Copy the data that follows exactly, and include none of its images.

......

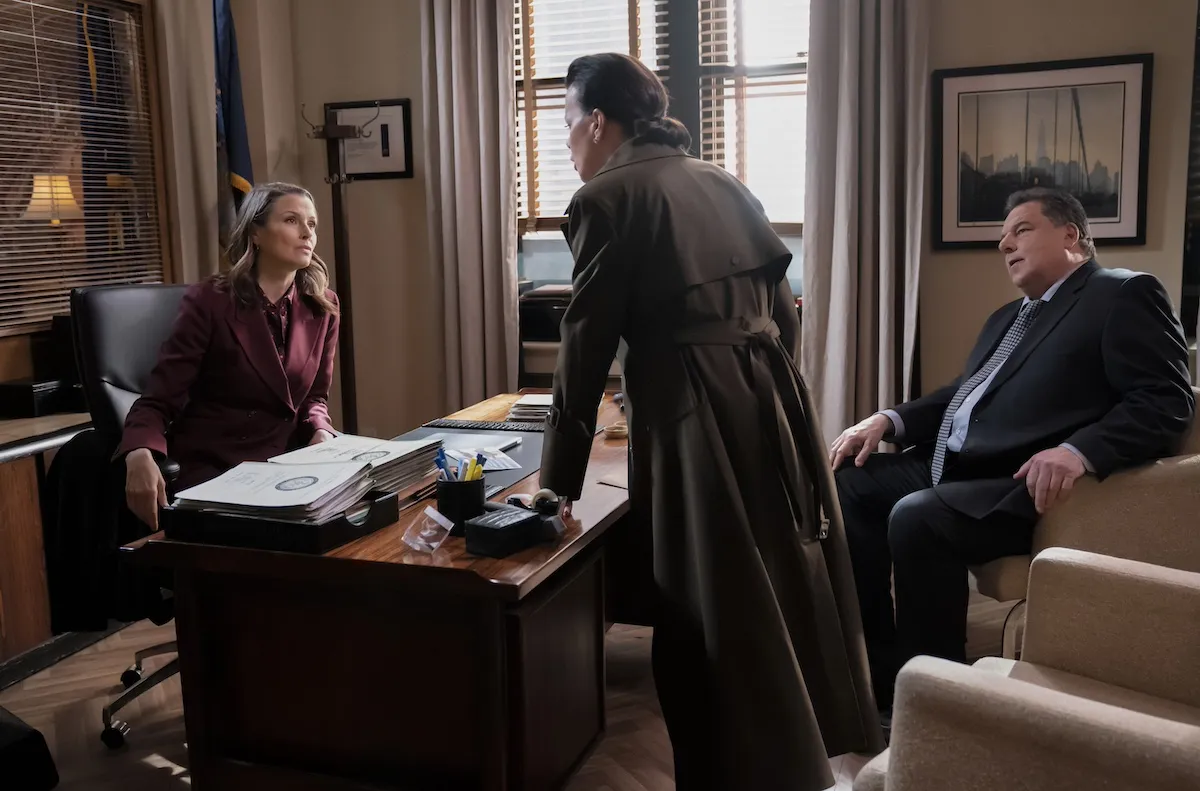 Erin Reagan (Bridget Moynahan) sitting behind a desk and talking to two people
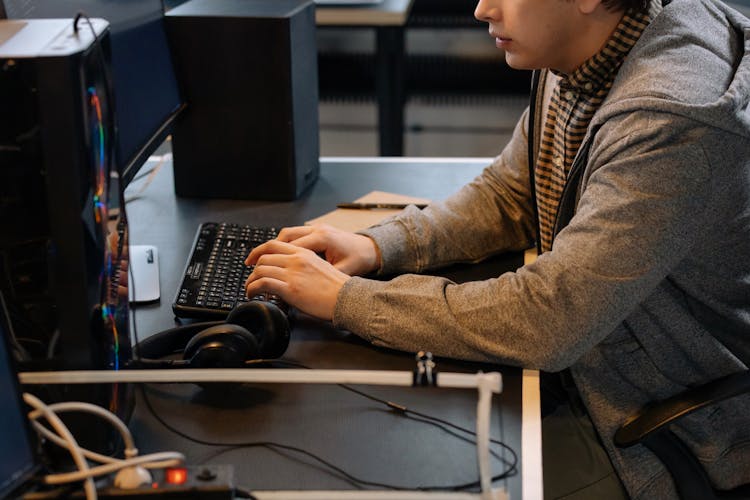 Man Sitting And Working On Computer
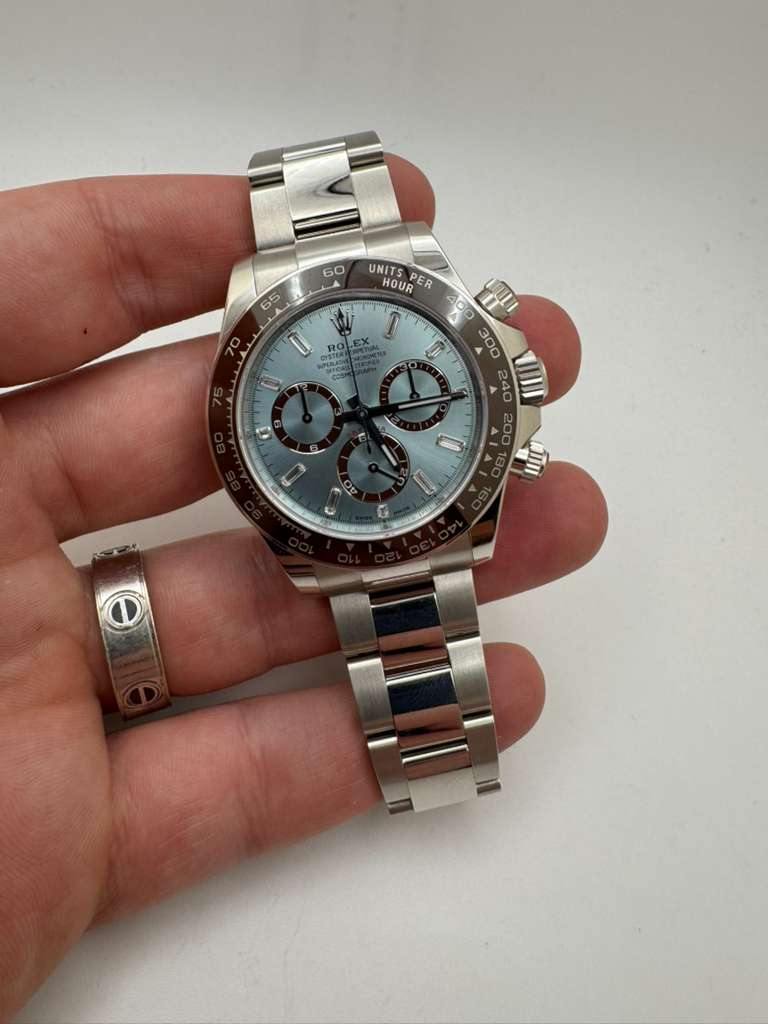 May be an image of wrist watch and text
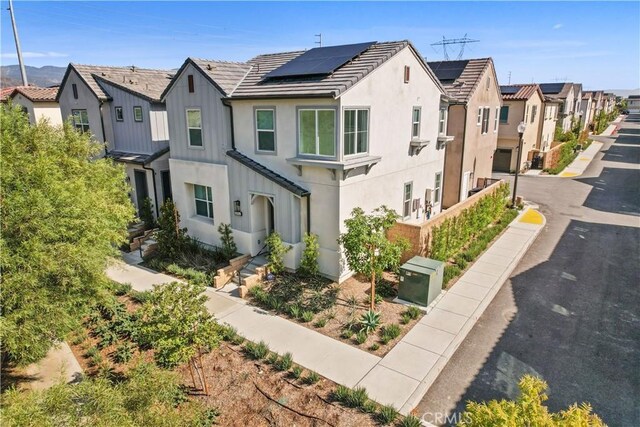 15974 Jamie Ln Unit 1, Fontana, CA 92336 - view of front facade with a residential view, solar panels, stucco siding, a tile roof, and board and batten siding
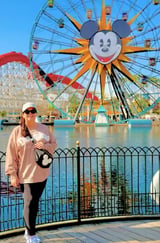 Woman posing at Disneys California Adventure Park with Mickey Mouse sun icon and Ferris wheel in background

......

Task output
 Erin Reagan (Bridget Moynahan) sitting behind a desk and talking to two people
 Man Sitting And Working On Computer
 May be an image of wrist watch and text
 15974 Jamie Ln Unit 1, Fontana, CA 92336 - view of front facade with a residential view, solar panels, stucco siding, a tile roof, and board and batten siding
 Woman posing at Disneys California Adventure Park with Mickey Mouse sun icon and Ferris wheel in background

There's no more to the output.